Additional methods are applied to safely and efficiently operate the ESTATE algorithm itself. The ESTATE algorithm uses conditional statements to check the type of input value to be encrypted, check whether it is the last block, check the tweak value, and calculate the extended tweak value for each specific round. The 8-bit and 32-bit extended tweak values used in TweAES-128, TweAES-128-6, and TweGIFT-128 are stored and used in advance through pre-calculation. This method reduces the performance load by removing unnecessary conditional statements. In addition, TweAES-128 and TweAES-128-6 have the same operation process as the AES algorithm, so they may be vulnerable to cache-timing attacks. So, we apply the T-table shuffling method, which is a previously studied method, to operate safely. We reduced the performance load by applying the proposed methods to minimize the performance load even when the T-table shuffling method is applied. As a result of applying the T-table shuffling method, TweAES-128 and TweAES-128-6 show about 7% and 51% performance overhead, respectively, than those without applying the T-table shuffling method.

4

Future Work

Web-based application using Web Assembly can be used in various devices without additional modification, so it can reduce the system load of the server and is effective in responding to failures. Web Assembly is currently continuously developing, and, since various devices, such as PCs, smart phones, and smart devices, are developing more and more, web technology is also developing accordingly. Currently, technologies using high-end hardware, such as Web Assembly’s SIMD technology and WebGPU, are being developed. In addition, it is being developed so that Web Assembly and WebGPU can be used together. When these technologies become stable in the future, many web developers will develop web services using various technologies, such as SIMD and WebGPU. Therefore, it can be used in various ways in terms of crypto security, and various studies will be conducted using web technologies developed in the field of crypto security.
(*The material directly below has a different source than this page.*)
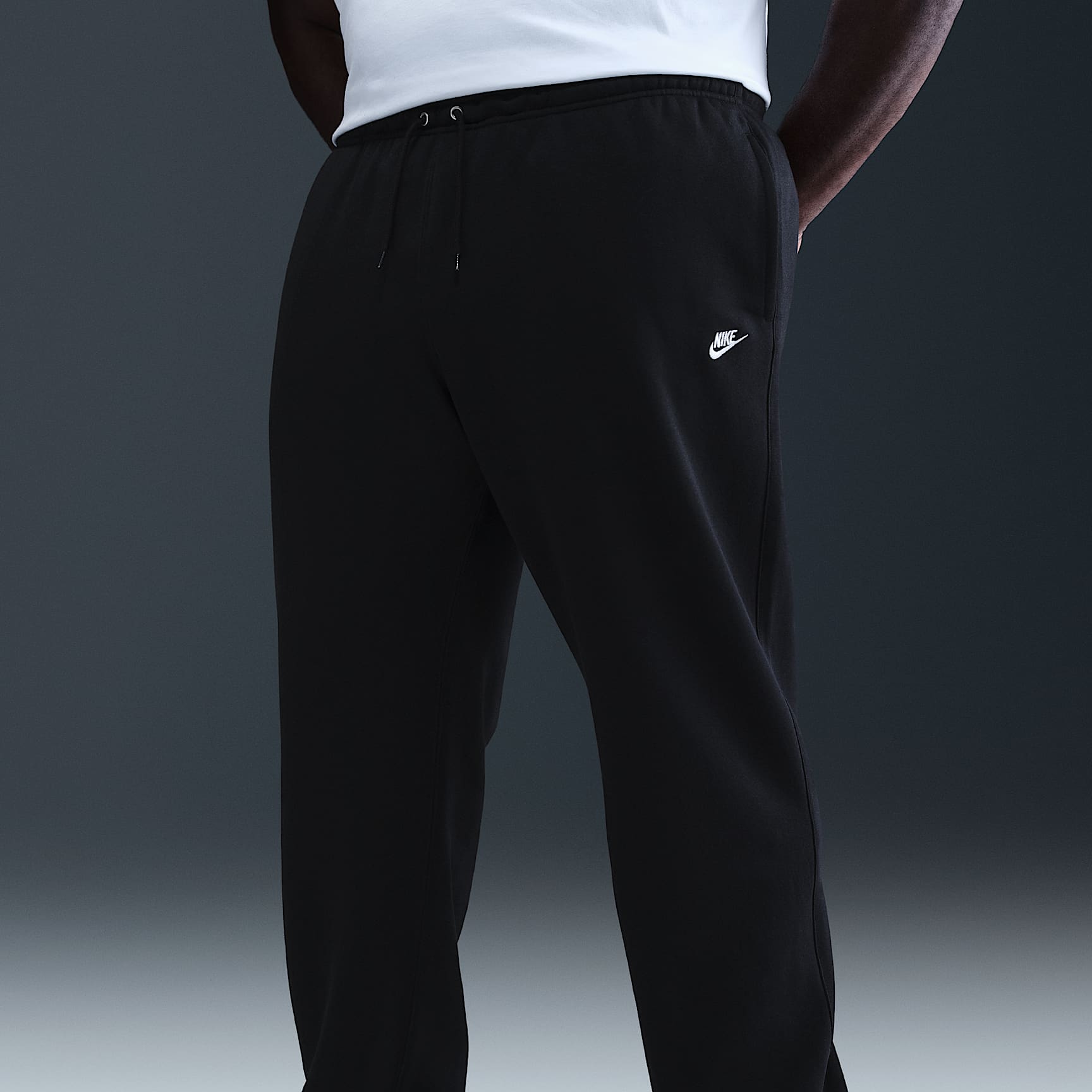 Nike Club Men's Open-Hem Fleece Pants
Therefore, the web-based application edge computing method can also be developed, and performance will be improved. Currently, there are various NIST LWC (National Institute of Standards and Technology LightWeight Cryptography) Round 2 candidate algorithms. However, the OpenCL parallel processing method we used is a method applicable to other candidate algorithms. Even if the LWC algorithm other than ESTATE is used to send data to multiple devices, the service can be provided more efficiently by using the method of simultaneously processing multiple ciphertexts and tags through the OpenCL parallel processing method.